Ari Pathiri
Gluten free, eggless, fat free, feather light delicious flat breads!!!!!
Ari pathiri is a featherlight white flat bread of Kerala. Pathiri is a favourite among Keralites, especially Muslims and is prepared and served on their special occasions of marriages and Iftar, during the month of Ramadan. Known by various names ari pathir, ari pathil or pathi, in some parts of the Malabar region there are numerous varieties like Neipathiri, Erachi pathiri, Poricha pathiri, etc. Ari pathiri is served hot with freshly extracted coconut milk and meat curry.
Recipe is the courtesy of our dearest family friend Asaf and Jisna.
Ingredients
Instructions
Sieve the roasted rice powder/pathiri podi using a fine mesh.
Boil the water in a wok or heavy bottom pan. Add salt and simmer.
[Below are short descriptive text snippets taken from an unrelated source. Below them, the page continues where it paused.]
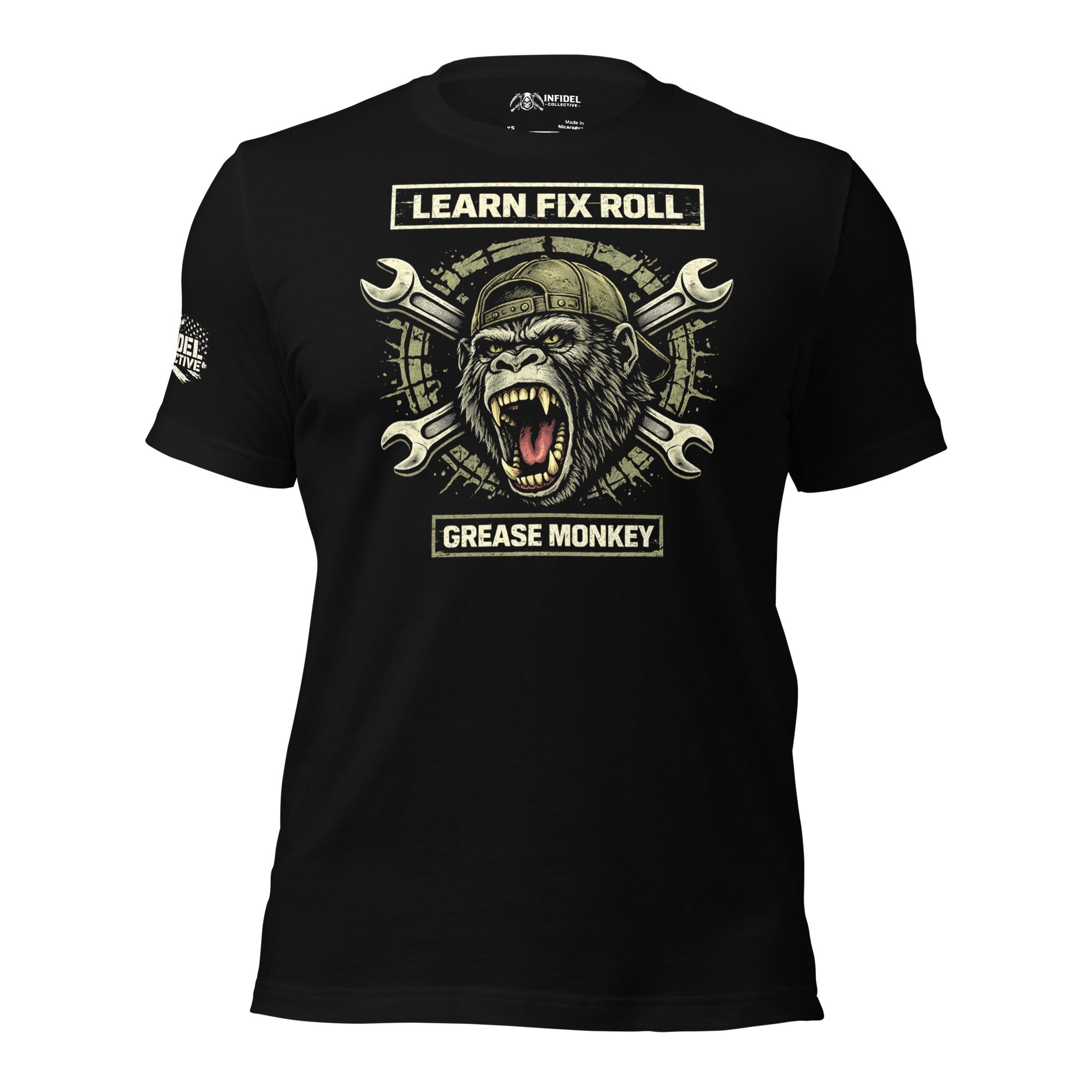 Learn Fix Roll grease monkey wrench graphic black tee from Infidel Collective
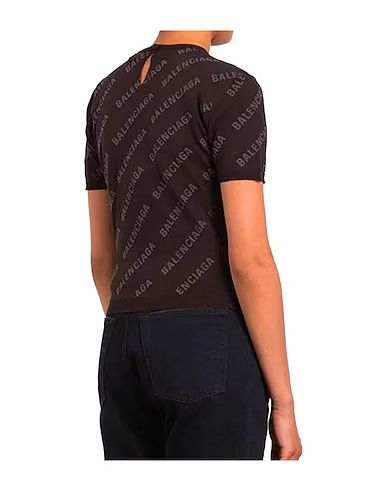 Balenciaga o1mt1gz0924 Mini Allover Logo Short Sleeve Crop Sweater Size XL / US 12-14 / IT 48-50 - 3 Thumbnail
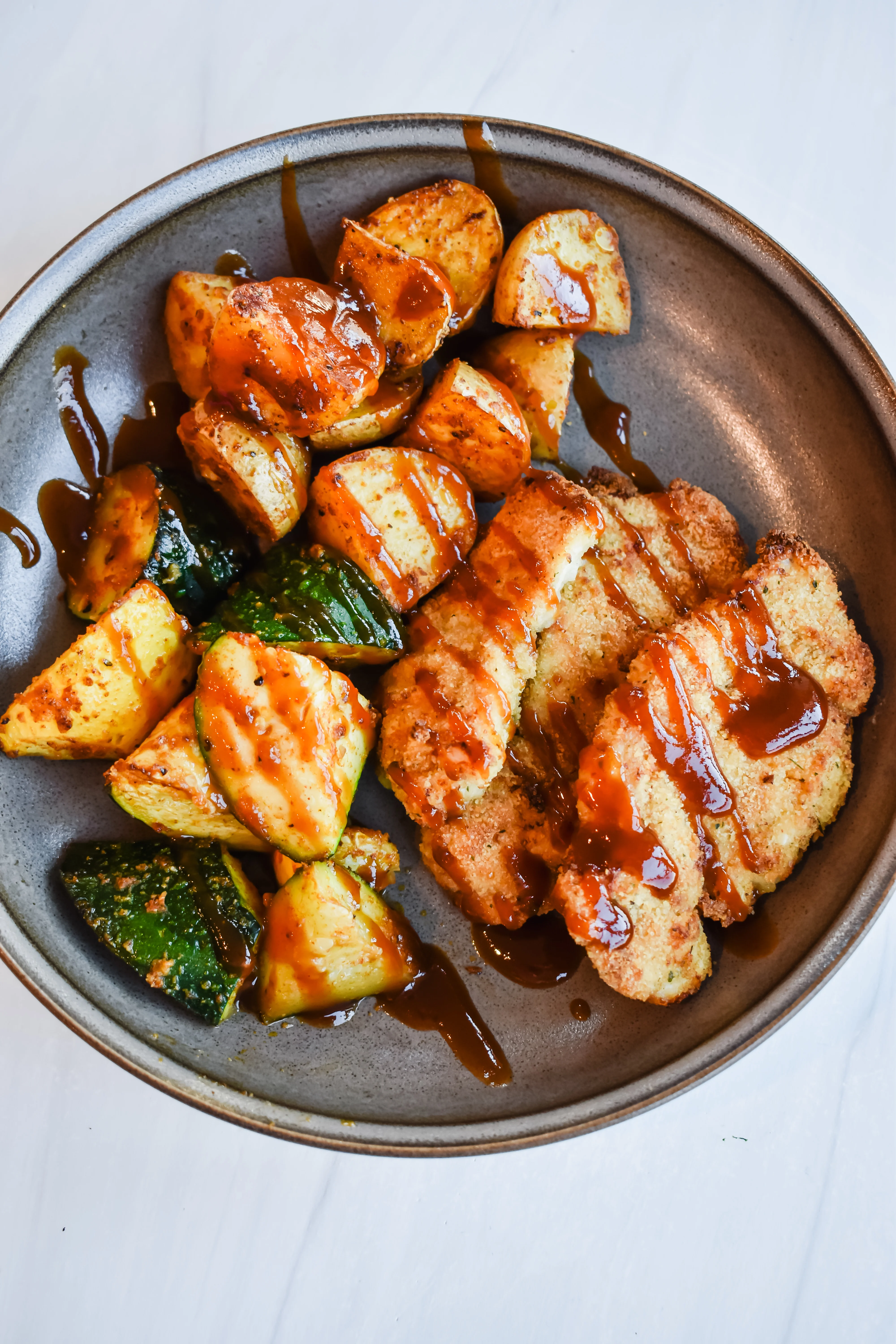 breaded-chicken-with-roasted-potatoes-and-zucchini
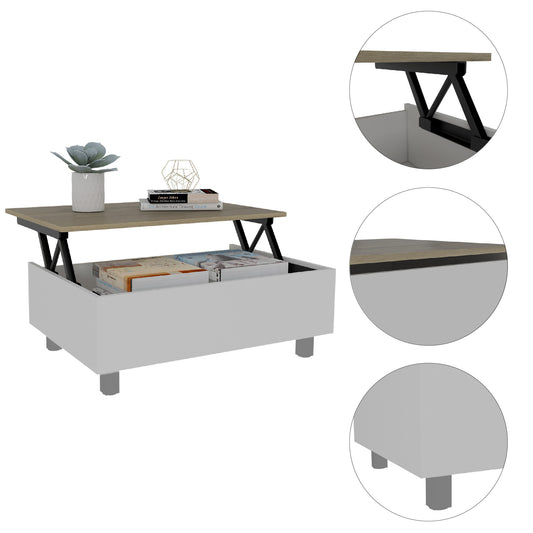 Table basse rectangulaire en bois blanc et chêne clair de 32 po avec plateau relevable et tiroir et étagère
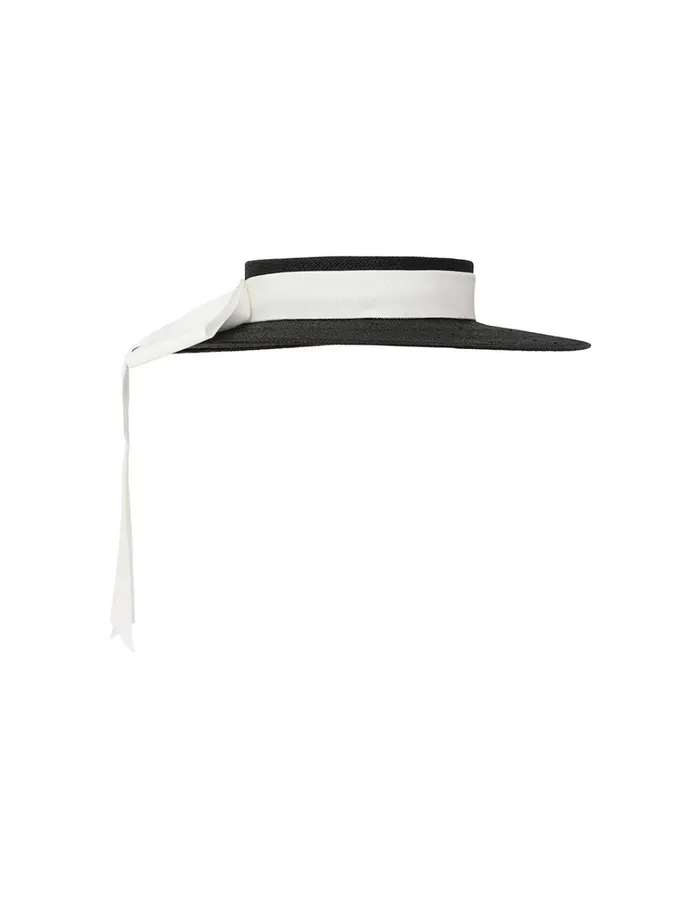 Women Hats Zimmermann Straw Boater Black
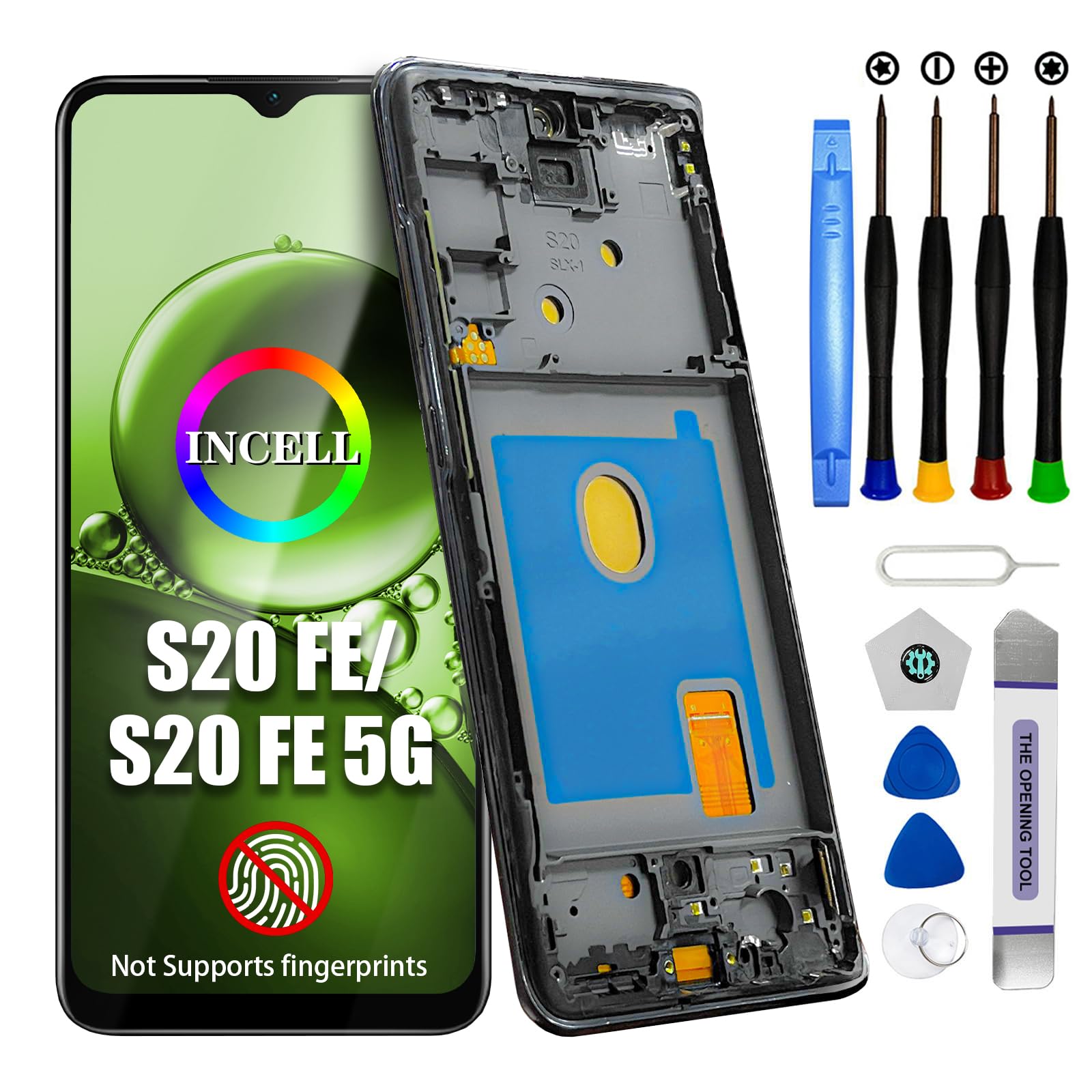 DTD LCD Display für Samsung Galaxy S20 Fe Display für Galaxy S20 Fe 5G LCD Touchscreen Digitazer Assembly Ersatz mit Reparatur Kit (Schwarz mit Rahmen, Ohne Fingerabdruckerkennung, 6.5")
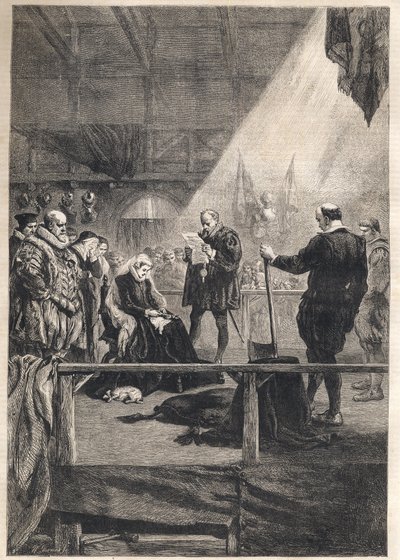 Hinrichtung von Maria Stuart, Königin von Schottland und Frankreich von French School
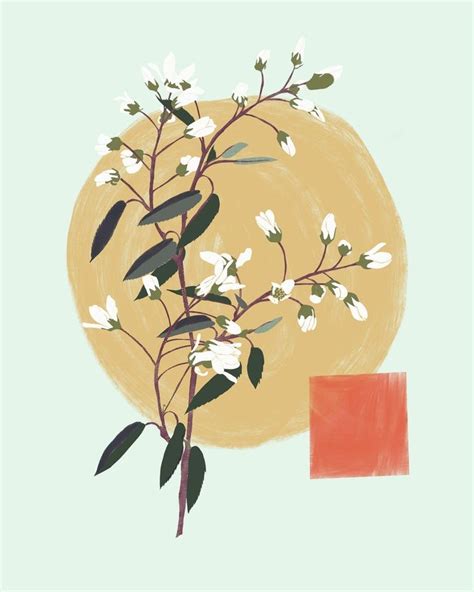 Minimalist Art Japanese Art Floral Illustration Botanical Etsy In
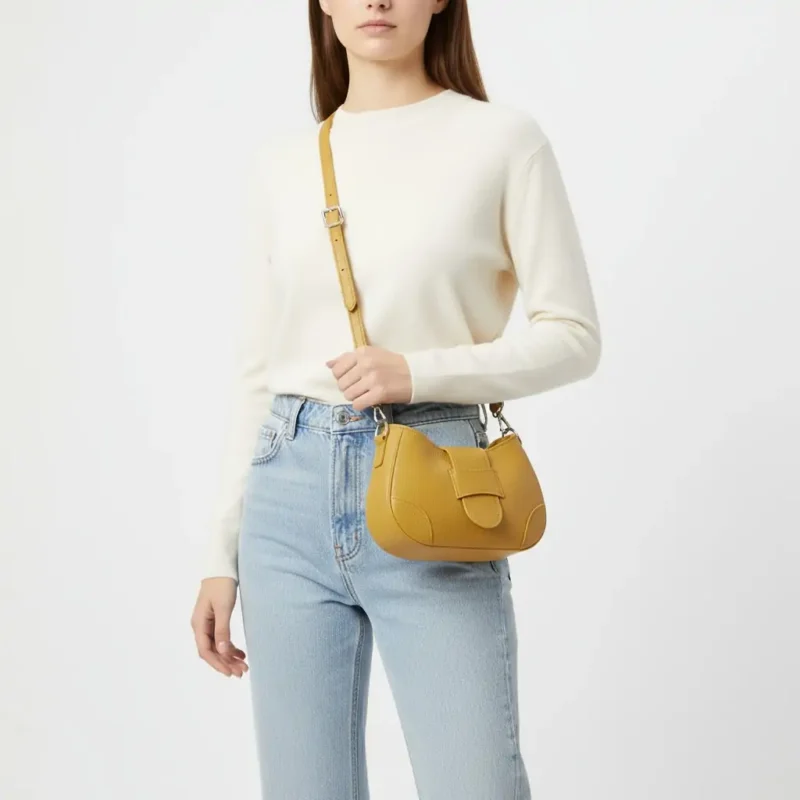 Leren-Schoudertas-Audrey-mosterd-geel-gele-trendy-stevige-leren-schoudertassen-italiaans-leder-kopen-bestellen-model1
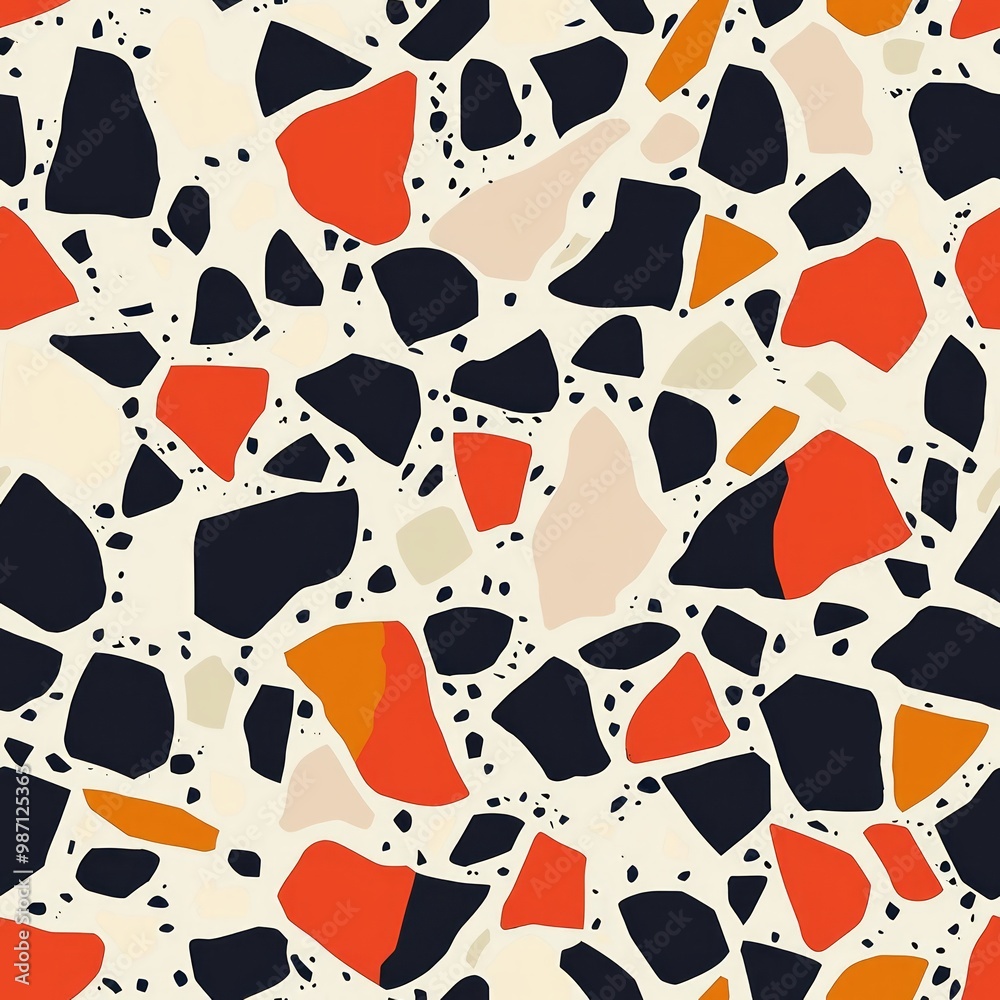 Modern Terrazzo Flooring Pattern with Bold Graphic Design and Geometric Stone Chips in Contrasting Colors, Seamless Repeat Tiling Modern Terrazzo Flooring Pattern with Bold Graphic Design and Geometric Stone Chips in Contrasting Colors, Seamless Repeat Tiling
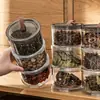 D3052 Caixa de Armazenamento de Especiarias Cozinha Doméstica Caixa de Armazenamento de Pimenta Temperos Caixa de Armazenamento de Temperos Caixa Selada para Ingredientes Secos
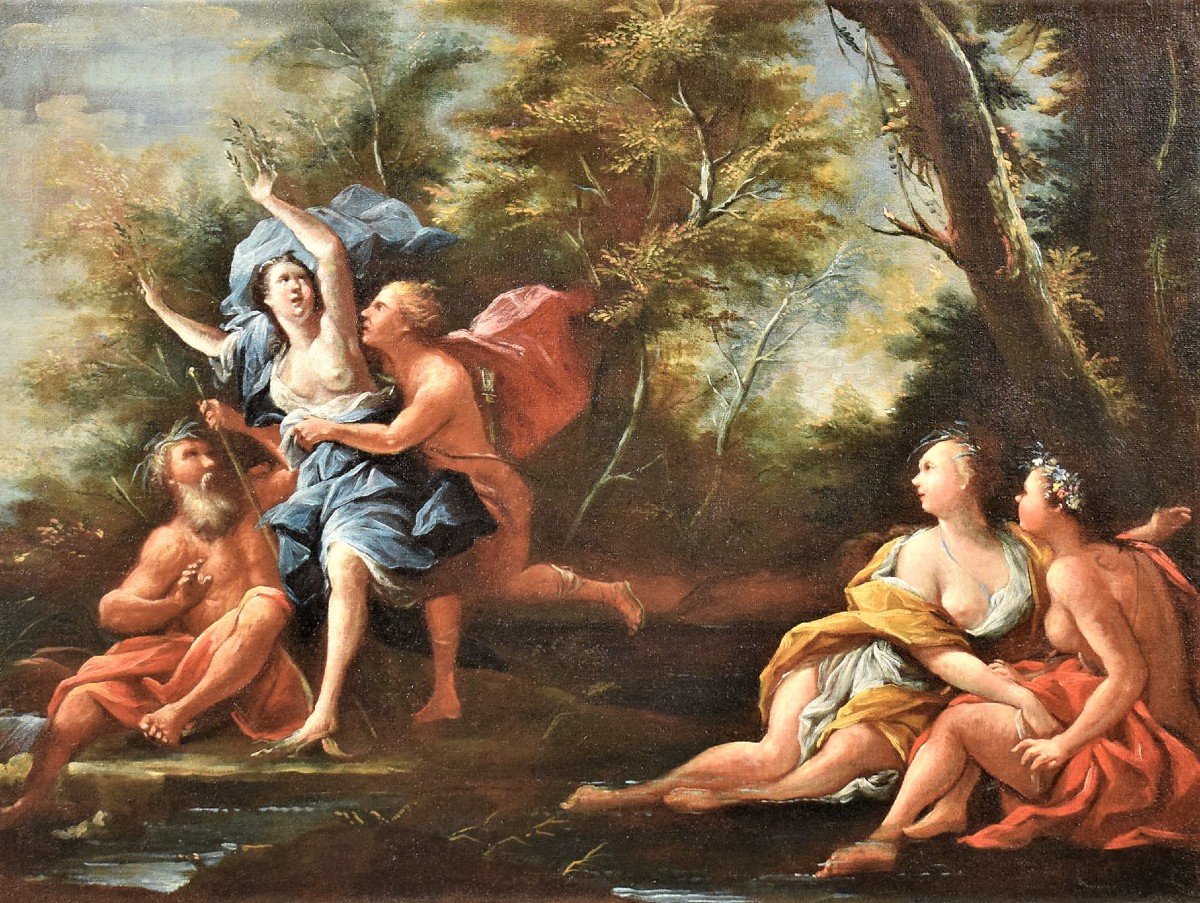 Coppia Scene Mitologiche  1) Apollo e Dafne  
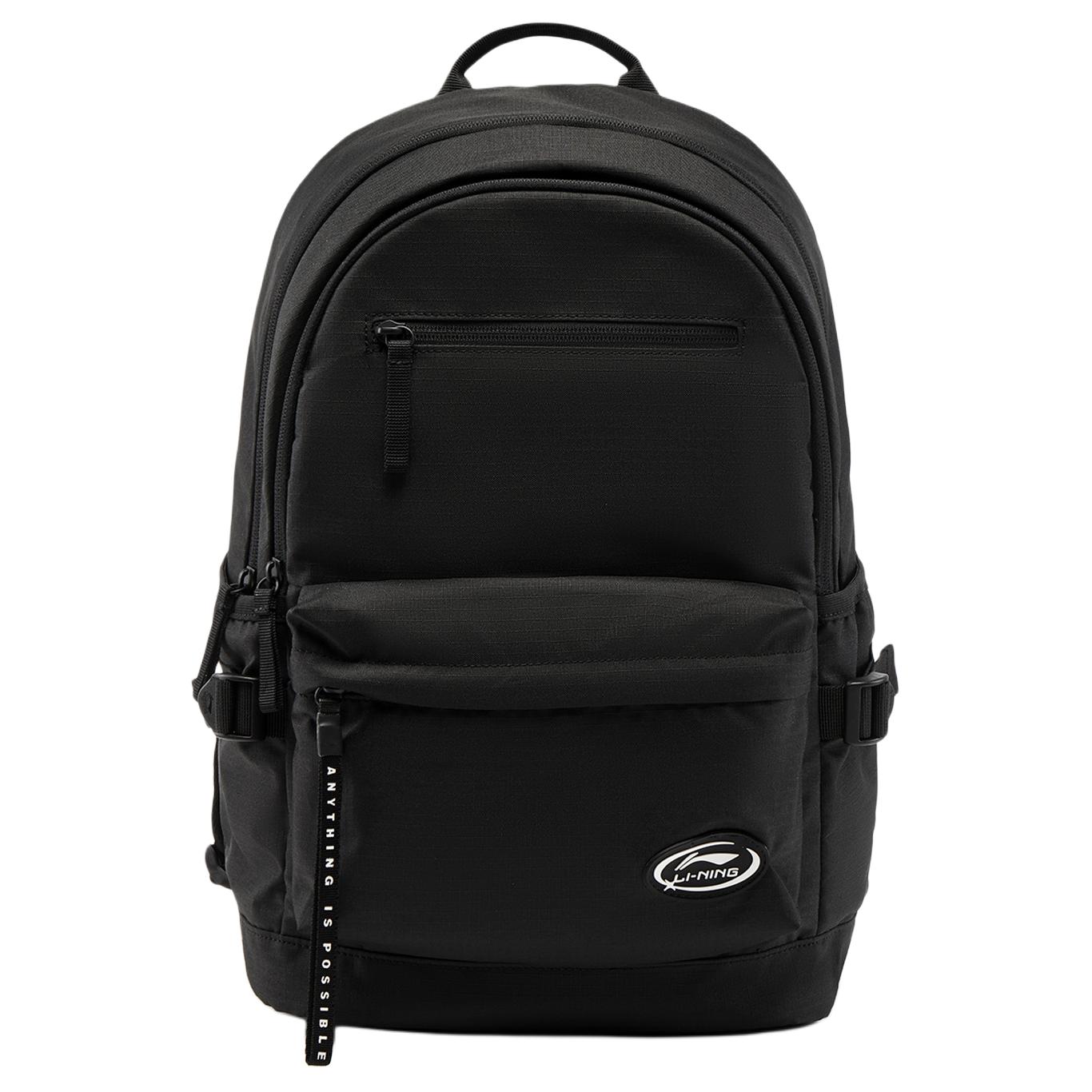 Li-Ning Fashion Pattern Printed Polyester Backpack Unisex Backpack Black ABSV401-2 Black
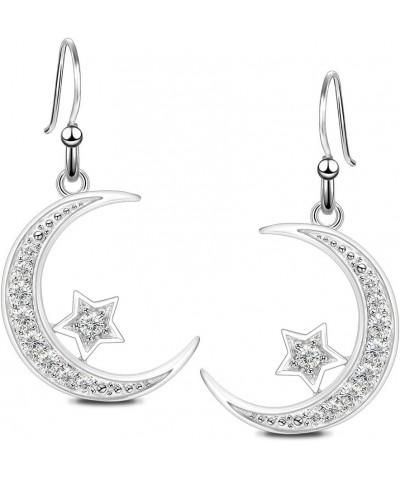 Sterling Silver Round Cubic Zirconia Crescent Moon & Star Dangle Earrings Star Jewelry for Women Mom $14.15 Earrings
Slowly add the roasted rice powder/pathiri podi and stir continuously over low heat, but you must ensure it does not get burnt.
Cover this and keep on a slow fire for 10 seconds. Switch off the stove.
As the dough will be very hot at this point, knead the dough with metal spoon. Let it reach a warm condition.
You have to knead the dough when it is warm. Knead the dough thoroughly using both hands for about 5 minutes without adding any more water till the dough comes together with a uniform smooth surface and is no longer sticky. (Note: Kneading the dough has to be done thoroughly and at one single stretch. This is the most important part. The key to soft pathiri is to keep kneading until the dough is less sticky and could be divided into small balls, don't add water or rice powder again. If needed, wet hands or apply a little coconut oil on palms. Any water or any flour added at this point will change the texture of the pathiri.)
Roll the dough into small lemon sized balls. Press it between palms.
Dust the rolling board and rolling pin using the same rice powder used for making pathiri dough.
Roll the flattened balls using the chapathi press or chapathi roller until you get thin round roti/pathiri.
Keep a thava on medium flame and heat it. (Note: A low flame and extra high flame will not make good pathiris. You will end up with crispy pathiris.)
Keep the pathiri on the thava. While rotating the pathiri around on the thava, you will be able to see as steam passes through it within just a few seconds. When the pathiri starts bubbling turn it upside down.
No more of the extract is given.